A Day In The Life Of A Software Engineer

3 minute read

It’s early in the morning, the sun’s rays have just broken through the foggy horizon. The early birds are busy singing, energized by the calories of the unfortunate early worms. Every ten minutes or so the sound of the train can be heard from a distance. It’s just an amazing morning. I feel this air of invincibility, that I can do anything, solve any problem and scale any height. It’s gonna be a great day.

After completing my morning rituals which included my very first meditation session (great but lots of improvement needed), I switch on my computer ready to conquer the world. After all I’m a software engineer, the greatest of my kind. My species comprises only of weird geniuses whose mission is to transform the world one line of code at a time. I love what I do.

I open the Jira board to see what mountain there is that is so unfortunate to meet its demise so early. My job is to crush those seemingly too-high-to-climb mountains that no mere mortal dares come near but are so vital for the business. Wait, can I call myself a Mountain Crusher now :thinking:? I look through the list for a nice green story to munch but my attention is quickly drawn to something that seems to be out of place. I’ve never seen this kind of story before. It’s prefixed with BUG :scream:! I’m confused, surprised and a bit angry. From whence comest thou?

Who has committed such a grave sin? Definitely not me, I am a genius. I don’t write buggy code. It must be someone else and they need to be ashamed of themselves. Wait a minute, it looks like it’s an issue with that simple problem I solved a couple of days ago. How can that be? It was the simplest thing I’ve ever done, way beneath my incredibly high-powered brain. Besides, I wrote unit tests for it. I’m sure the testers missed something. Let me investigate further and expose them (I don’t do that by the way).

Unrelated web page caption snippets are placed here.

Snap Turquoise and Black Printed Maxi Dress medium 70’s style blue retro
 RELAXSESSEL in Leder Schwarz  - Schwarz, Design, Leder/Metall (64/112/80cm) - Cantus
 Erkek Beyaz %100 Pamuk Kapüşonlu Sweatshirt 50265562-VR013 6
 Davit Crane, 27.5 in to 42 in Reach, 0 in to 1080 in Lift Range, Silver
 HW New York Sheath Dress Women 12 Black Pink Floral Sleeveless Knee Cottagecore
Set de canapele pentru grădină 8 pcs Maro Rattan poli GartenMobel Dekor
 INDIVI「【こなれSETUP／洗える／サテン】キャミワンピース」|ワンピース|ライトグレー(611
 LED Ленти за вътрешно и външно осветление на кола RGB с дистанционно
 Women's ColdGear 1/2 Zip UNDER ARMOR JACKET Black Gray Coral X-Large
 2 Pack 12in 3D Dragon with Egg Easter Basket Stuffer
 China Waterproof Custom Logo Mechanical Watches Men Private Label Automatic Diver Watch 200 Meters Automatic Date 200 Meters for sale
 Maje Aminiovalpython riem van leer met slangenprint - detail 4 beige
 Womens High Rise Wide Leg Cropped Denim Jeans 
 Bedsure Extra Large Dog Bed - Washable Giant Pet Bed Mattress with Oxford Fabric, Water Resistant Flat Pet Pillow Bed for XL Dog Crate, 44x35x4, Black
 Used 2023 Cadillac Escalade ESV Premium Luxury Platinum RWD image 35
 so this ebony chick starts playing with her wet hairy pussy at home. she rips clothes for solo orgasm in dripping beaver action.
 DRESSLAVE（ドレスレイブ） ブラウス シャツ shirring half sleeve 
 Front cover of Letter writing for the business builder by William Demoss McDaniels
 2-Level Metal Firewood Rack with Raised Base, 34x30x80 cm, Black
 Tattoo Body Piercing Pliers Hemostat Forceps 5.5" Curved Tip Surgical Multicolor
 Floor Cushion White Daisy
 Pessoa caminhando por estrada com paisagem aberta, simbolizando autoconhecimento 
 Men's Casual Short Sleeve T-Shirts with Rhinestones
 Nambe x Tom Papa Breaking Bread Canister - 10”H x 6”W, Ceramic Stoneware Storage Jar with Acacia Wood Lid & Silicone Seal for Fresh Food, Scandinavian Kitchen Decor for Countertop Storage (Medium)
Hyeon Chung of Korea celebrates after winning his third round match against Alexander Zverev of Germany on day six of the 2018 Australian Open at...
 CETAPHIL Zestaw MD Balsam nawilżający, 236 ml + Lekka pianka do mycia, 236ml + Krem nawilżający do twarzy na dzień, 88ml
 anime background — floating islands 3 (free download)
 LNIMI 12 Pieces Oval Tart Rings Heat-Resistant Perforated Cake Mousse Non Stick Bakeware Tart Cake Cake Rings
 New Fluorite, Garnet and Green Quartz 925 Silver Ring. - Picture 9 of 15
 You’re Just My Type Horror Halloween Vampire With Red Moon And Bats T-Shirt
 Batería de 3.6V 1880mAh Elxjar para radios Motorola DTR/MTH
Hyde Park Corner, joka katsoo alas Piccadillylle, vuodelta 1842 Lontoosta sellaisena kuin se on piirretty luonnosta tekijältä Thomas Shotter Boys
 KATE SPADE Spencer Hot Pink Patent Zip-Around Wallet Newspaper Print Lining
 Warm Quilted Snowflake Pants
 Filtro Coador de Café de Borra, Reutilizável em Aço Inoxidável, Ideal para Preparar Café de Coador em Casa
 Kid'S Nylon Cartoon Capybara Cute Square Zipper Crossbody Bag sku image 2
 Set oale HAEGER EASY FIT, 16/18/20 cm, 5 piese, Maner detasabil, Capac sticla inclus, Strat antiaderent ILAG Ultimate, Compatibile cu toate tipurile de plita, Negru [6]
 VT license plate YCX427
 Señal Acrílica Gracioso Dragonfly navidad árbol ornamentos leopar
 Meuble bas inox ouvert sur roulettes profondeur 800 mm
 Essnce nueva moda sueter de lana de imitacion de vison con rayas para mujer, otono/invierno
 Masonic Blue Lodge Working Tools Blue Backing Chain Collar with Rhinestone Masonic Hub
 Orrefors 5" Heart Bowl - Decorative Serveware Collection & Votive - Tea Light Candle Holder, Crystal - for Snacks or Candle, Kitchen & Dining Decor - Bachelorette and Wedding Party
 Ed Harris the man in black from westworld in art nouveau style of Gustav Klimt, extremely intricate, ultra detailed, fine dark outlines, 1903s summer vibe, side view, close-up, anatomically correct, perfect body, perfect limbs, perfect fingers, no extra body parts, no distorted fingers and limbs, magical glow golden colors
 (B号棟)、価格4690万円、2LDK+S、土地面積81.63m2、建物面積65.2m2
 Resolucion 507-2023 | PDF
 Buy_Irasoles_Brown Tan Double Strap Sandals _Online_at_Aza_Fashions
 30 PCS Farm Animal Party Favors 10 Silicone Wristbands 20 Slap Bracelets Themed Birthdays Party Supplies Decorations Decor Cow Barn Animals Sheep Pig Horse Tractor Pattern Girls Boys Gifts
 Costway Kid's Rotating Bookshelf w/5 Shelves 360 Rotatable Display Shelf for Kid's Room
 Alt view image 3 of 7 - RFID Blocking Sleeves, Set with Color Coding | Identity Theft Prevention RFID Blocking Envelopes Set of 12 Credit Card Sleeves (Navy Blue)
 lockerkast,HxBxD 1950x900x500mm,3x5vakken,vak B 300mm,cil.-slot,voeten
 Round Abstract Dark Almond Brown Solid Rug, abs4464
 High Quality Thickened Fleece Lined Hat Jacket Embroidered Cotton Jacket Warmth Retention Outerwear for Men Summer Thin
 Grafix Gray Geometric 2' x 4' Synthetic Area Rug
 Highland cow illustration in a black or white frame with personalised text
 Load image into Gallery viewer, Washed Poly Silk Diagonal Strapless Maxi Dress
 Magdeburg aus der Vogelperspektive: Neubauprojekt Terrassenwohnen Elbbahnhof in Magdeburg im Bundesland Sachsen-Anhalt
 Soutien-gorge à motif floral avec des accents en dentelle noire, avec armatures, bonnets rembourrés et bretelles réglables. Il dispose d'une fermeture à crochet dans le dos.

Actually they are right I missed something. Suddenly the air of invincibility is sucked out of my gut. I big thud can be heard – it’s my ego falling. The bubble of genius pops, I feel deflated. The Mountain Crusher has been tripped by a small pebble. I feel like a fraud. Do I deserve to be here? The inferiority complex that plagued me from my childhood slowly begins to set in. The high I felt when I woke up has been replaced by a desperate low, the depth of which is unfathomable. Anyhoo, let me quickly fix this bug and get on with more important problems awaiting me. It’s not gonna take too long.

Three hours later, what looked like a five minute job is finally complete. I eventually had to ask someone to help me. Had I done that sooner I wouldn’t have spent so long on this task. I didn’t want to show my weakness to my fellow geniuses. I absolutely loathe looking weak and stupid. Everyone believes I am a genius and I want to keep it that way at all costs.

Finally I get a chance to solve more ‘important’ problems. That bug was a necessary annoyance after all. I’m now very thorough, ensuring my tests cover all bases, even those that seem to be trivial and obvious. I don’t want to feel what I felt earlier again, ever! What a vain pipe dream. I better get used to this feeling because the following morning I experienced it again, and the morning after that…

It’s five o’clock in the afternoon and I’m ready to shut down my computer. It has been a long day that turned out to be the complete opposite of what I envisioned when I woke up. But this experience was not futile, neither was it in vain. I learnt something today, something I wasn’t taught at school. Here’s what I learnt:

  • We’re all human after all. There’s no sub-species of ultra-genius individuals who can do no wrong.
  • The only way you’re gonna have bug-free code is when you write no code at all. There is no perfect software.
  • It is the seemingly trivial things that come back to haunt us. Take great care of every task no matter how small and insignificant it looks.
  • Asking for help is not a sign of weakness. In fact, it is a weakness to fear appearing weak. As Jacques-Benigne Bossuet correctly put it “The greatest of all weaknesses is the fear of appearing weak”. We all learn from each other – iron sharpens iron.
  • I love what I do. The highs and the lows, the victories and the crushing defeats, all of it.